Dataset extract:
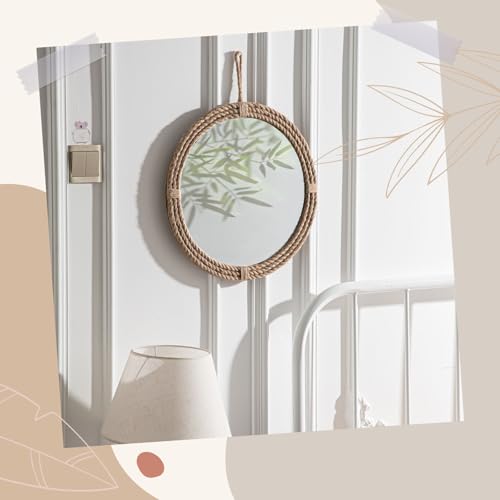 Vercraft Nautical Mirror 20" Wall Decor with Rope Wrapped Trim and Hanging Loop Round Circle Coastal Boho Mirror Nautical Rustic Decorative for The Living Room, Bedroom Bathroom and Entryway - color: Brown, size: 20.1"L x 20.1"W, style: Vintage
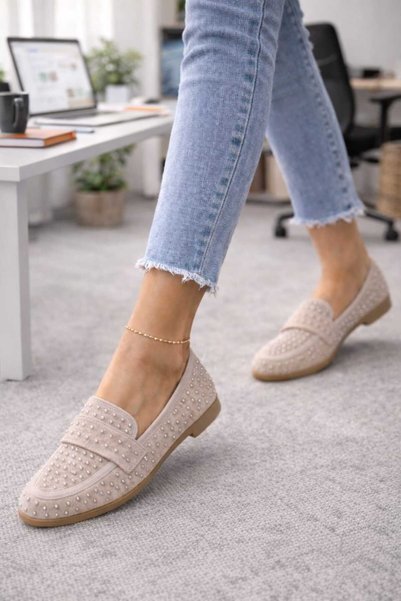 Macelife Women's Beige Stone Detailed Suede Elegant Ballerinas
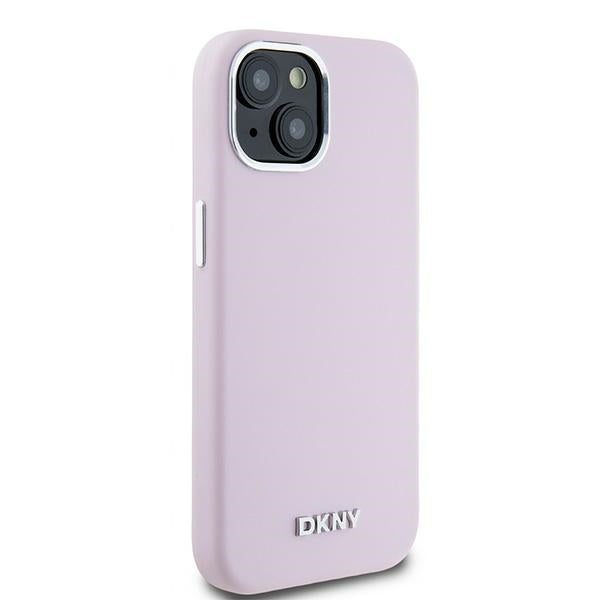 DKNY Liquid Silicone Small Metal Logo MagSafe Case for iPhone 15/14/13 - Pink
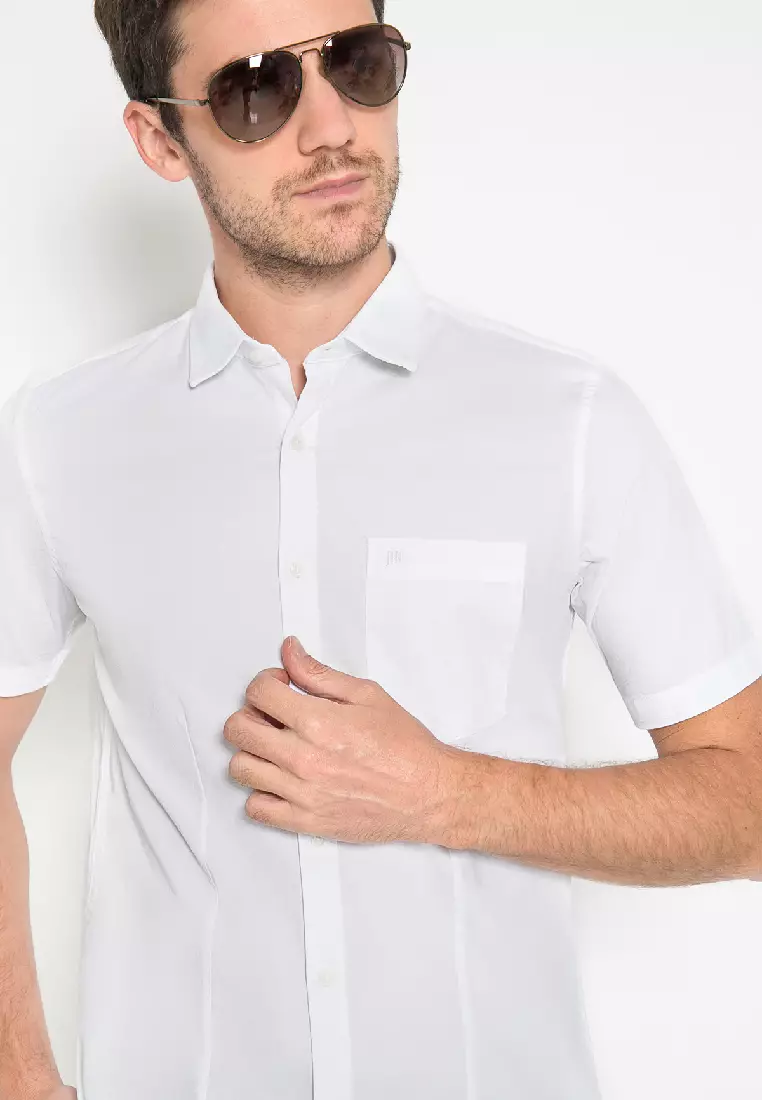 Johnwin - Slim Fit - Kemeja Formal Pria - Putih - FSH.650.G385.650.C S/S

How to complete this task:
Omit the pictures and write out the remaining data exactly.

Response to this exercise:
 Vercraft Nautical Mirror 20" Wall Decor with Rope Wrapped Trim and Hanging Loop Round Circle Coastal Boho Mirror Nautical Rustic Decorative for The Living Room, Bedroom Bathroom and Entryway - color: Brown, size: 20.1"L x 20.1"W, style: Vintage
 Macelife Women's Beige Stone Detailed Suede Elegant Ballerinas
 DKNY Liquid Silicone Small Metal Logo MagSafe Case for iPhone 15/14/13 - Pink
 Johnwin - Slim Fit - Kemeja Formal Pria - Putih - FSH.650.G385.650.C S/S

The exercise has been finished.